Wells Fargo, SBA Giving Entrepreneurs a Chance to Grow


When Ben McClure set out to buy his business in December 2010, he knew he was facing an uphill battle. The financial crisis left the credit markets nearly frozen, not to mention weak consumer confidence and spending that was prohibiting economic growth. But in just a few weeks, McClure was able to secure a $369,600  loan from the Small Business Administration through Wells Fargo Bank (NYSE:WFC).

McClure, 32, not only purchased Gardner's Mattress and More in Lancaster, Penn., from his previous boss, but he also revamped and relocated the business in less than a year.

"I had to work pretty quickly, and went to four different banks in December," he recalled. "Other banks were interested, but delayed in their processing. I thought in a lot of ways the deck was stacked against me.”
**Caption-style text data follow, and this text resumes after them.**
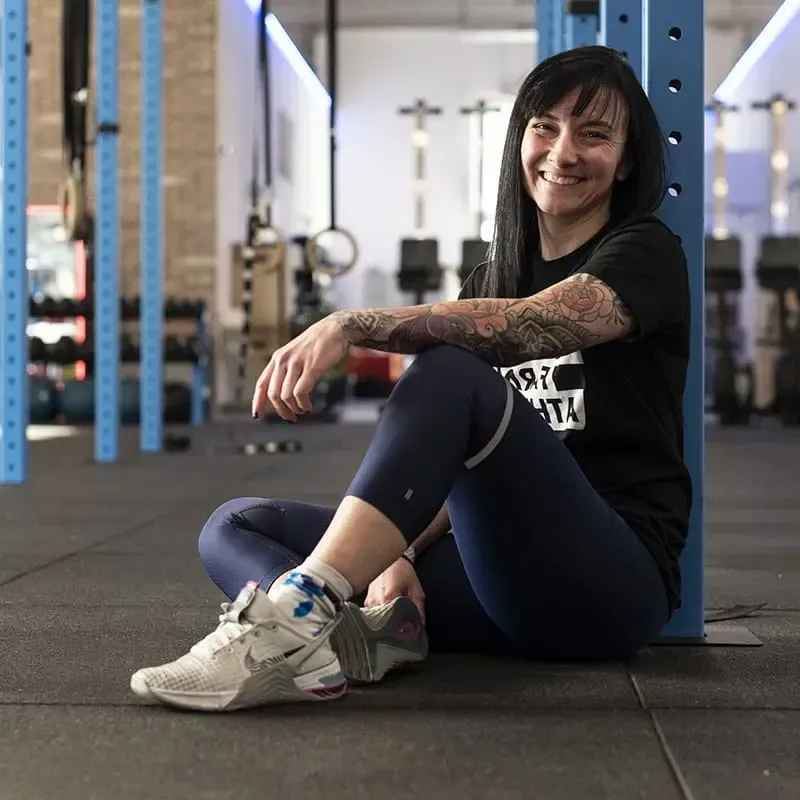 A woman is sitting on the floor in a gym wearing nike shoes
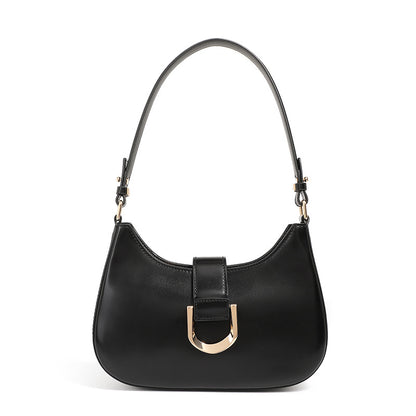 Black cowhide shoulder bag front view on white background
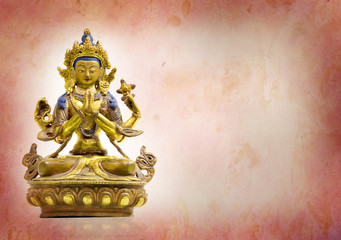 Four hands buddha statue on grunge background, Vajrayana buddhism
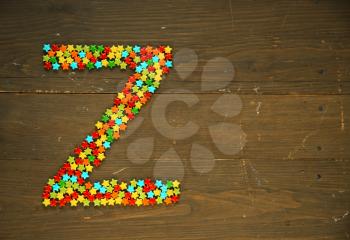 Letter Z from alphabet made with star shape candy on a wooden background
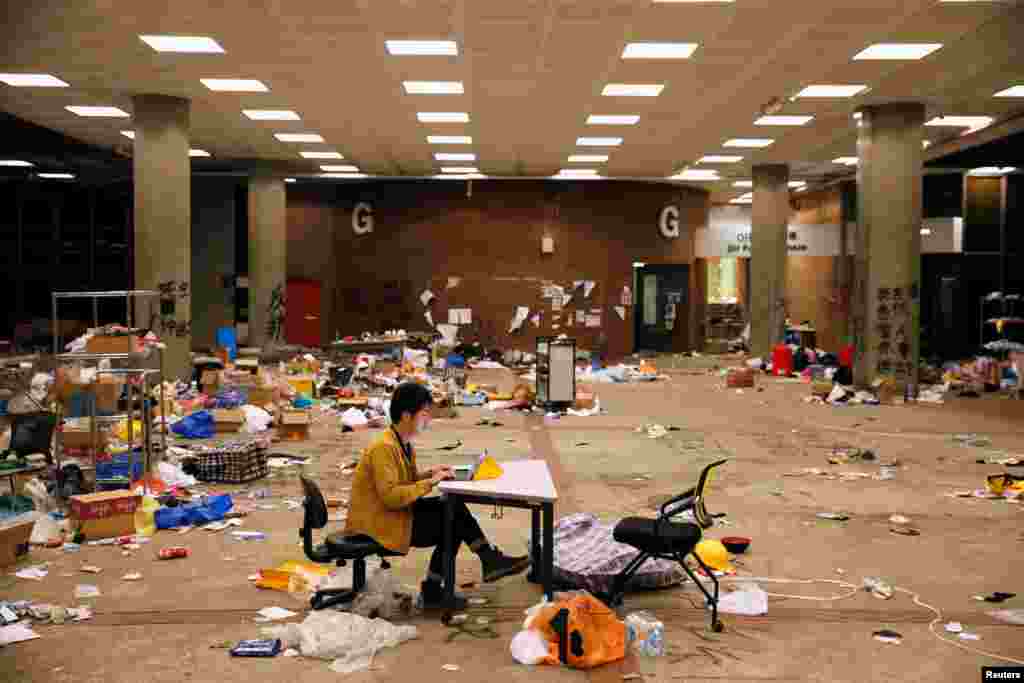 A journalist works on his laptop in a room where items left behind by protesters in Hong Kong Polytechnic University (PolyU), Nov. 26, 2019.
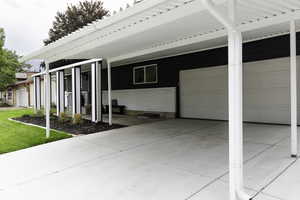 View of side of property with brick siding and an attached garage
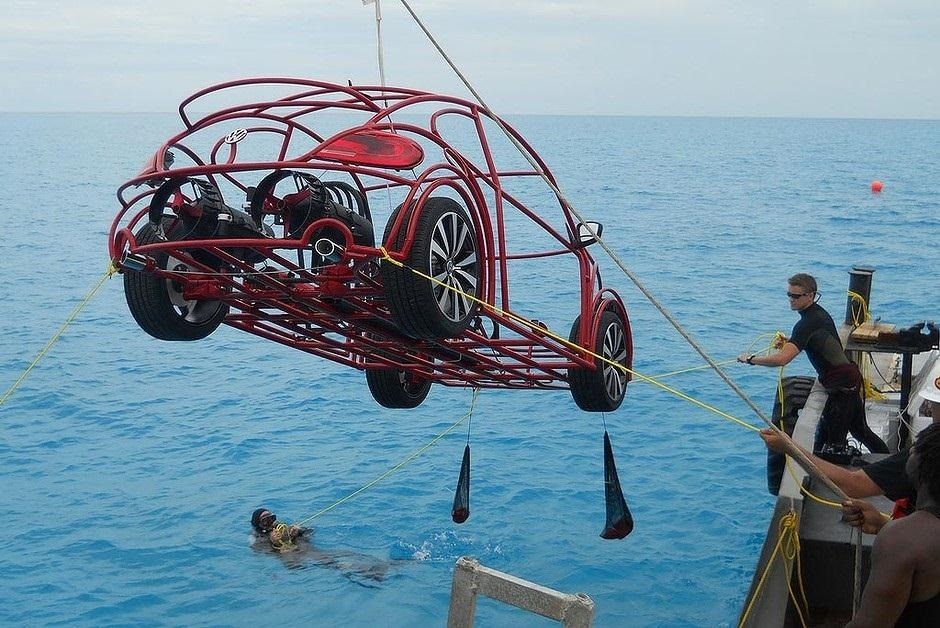 Volkswagen's Underwater 'Car' Cage Lets Divers Get Up Close and Personal During Shark Week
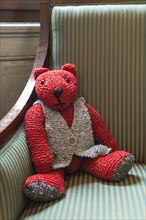 Knitted red teddy bear with vest on striped armchair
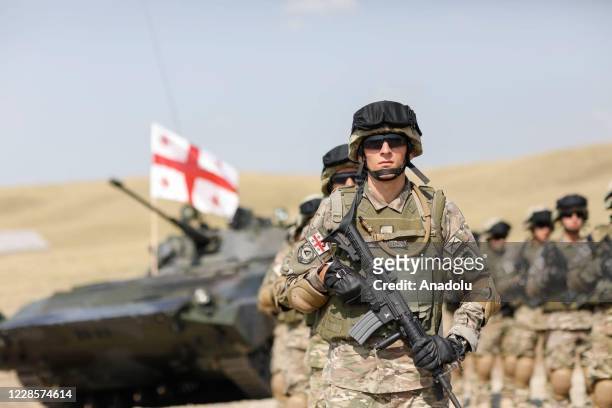 Soldiers are seen during the closing ceremony of Multinational Exercise Noble Partner 2020 at the Vaziani Military Base in Tbilisi, Georgia on...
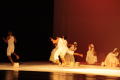 Thumbnail image of item number 1 in: '[Photograph of a group of men and women performing a dance on stage]'.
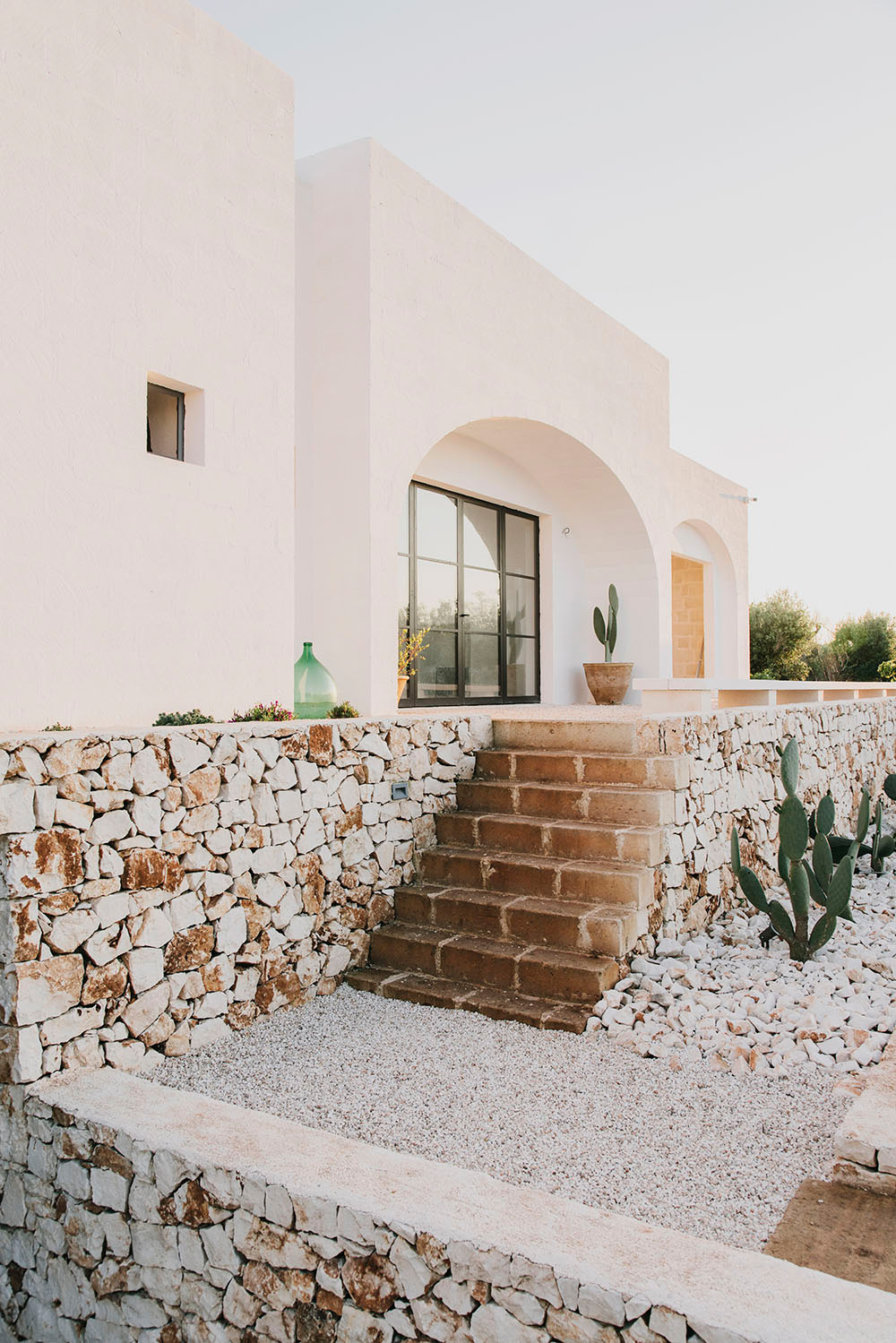 White-stone farmhouse with arched entrance, stone walls, and potted cactus in Puglia countryside.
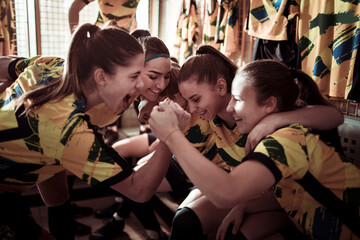 Female soccer players huddle together in unity in the locker room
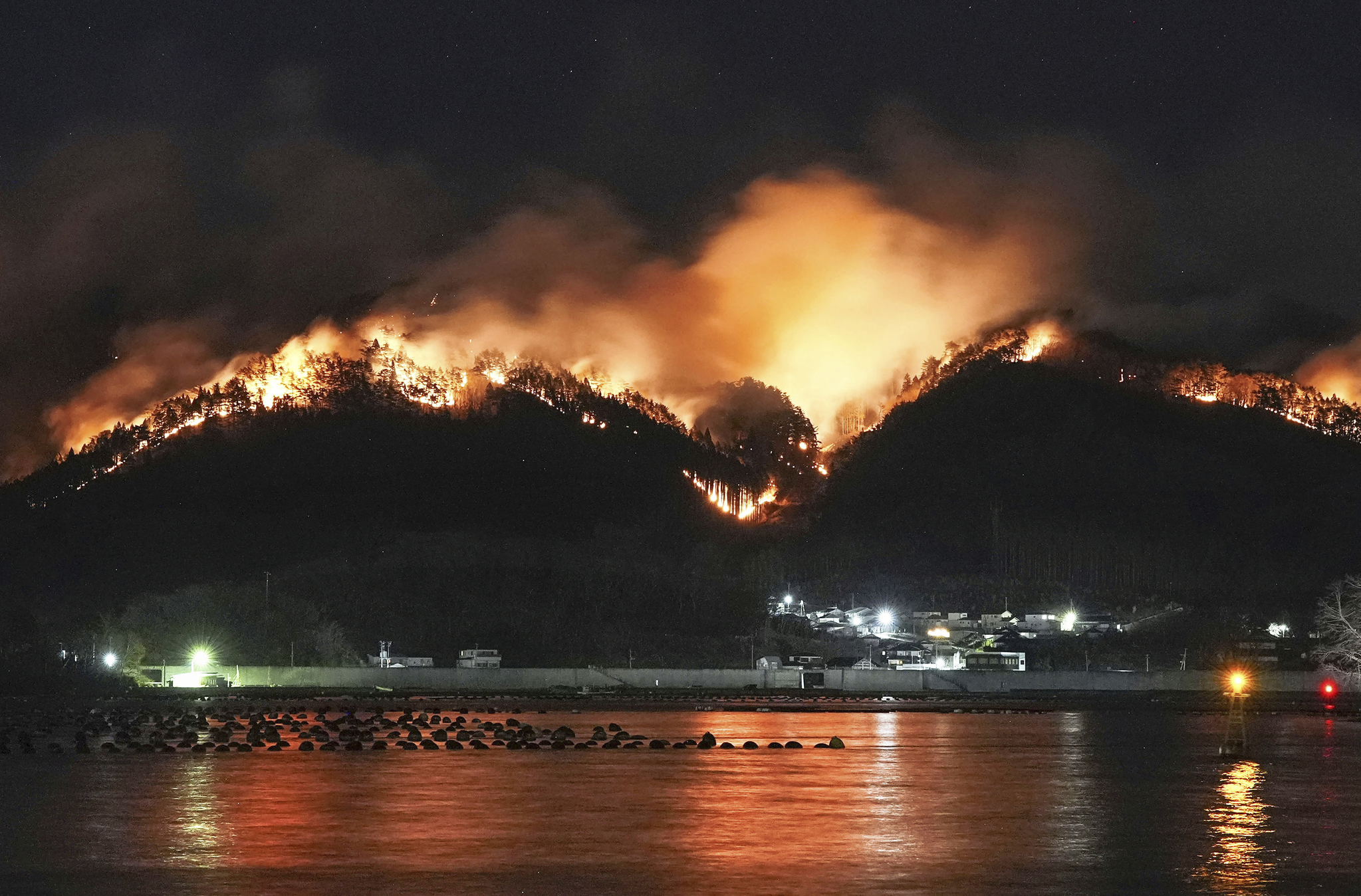 A forest fire, which started last Wednesday, continues to spread behind houses in Ofunato, Iwate prefecture, northern Japan, on March 3. [KYODO NEWS/AP/YONHAP]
With the loan, which has an interest rate of 6.9% over 10 years, McClure has been able to grow and build up his inventory as Gardner's new owner.

McClure isn't alone; Wells Fargo has become the SBA's first bank to lend $1 billion in SBA 7(a) loans out to small business owners in a difficult credit environment. The nation’s biggest consumer bank has upped its own loan amounts by 27% from Oct. 1, 2009 through Sept. 30 2010.

These SBA loans are given to qualifying businesses that have an average revenue of less than $20 million and 500 or fewer employees. More than 2,600 businesses have gotten these loans through Wells Fargo in the past fiscal year.

Tom Burke, senior vice president and national program manager for SBA Lending at Wells Fargo, said despite the economic conditions of recent months, now is the time to lend to small business owners.

"Working capital is important, it’s the lifeblood of a business," Burke said. "It covers their day-to-day operating expenses, the cost of their business or adding employees."

The SBA puts a cap on loans’ interest rates that is currently at two and three-quarters over prime interest rates, with terms extending up to 25 years. Most down payments are for between 10% and 20 % of the loan amount, Burke said.

Wells Fargo is currently in the planning stages for next year's lending commitment, he said, and the bank plans to extend more capital to entrepreneurs than it did in 2010.

The bank has also started giving applications a "second look," so that entrepreneurs' proposals are examined more clearly and also works with the applicants on their paperwork to make the process less daunting, Burke said.

"It’s still a challenging environment," he said. "Business owners don't have the ability to get home equity anymore, or have access to credit. Getting a small business loan is the last choice they've got. The SBA industry is counter cyclical; it is probably the one big growth area right now."

McClure is hoping his loan helps the business to move against the grain as well.

"They saw strong character in my business and in myself," he said. "I thought I would have a tough time because of the industry, economy and the fact that I had no assets, but it was a pretty awesome process."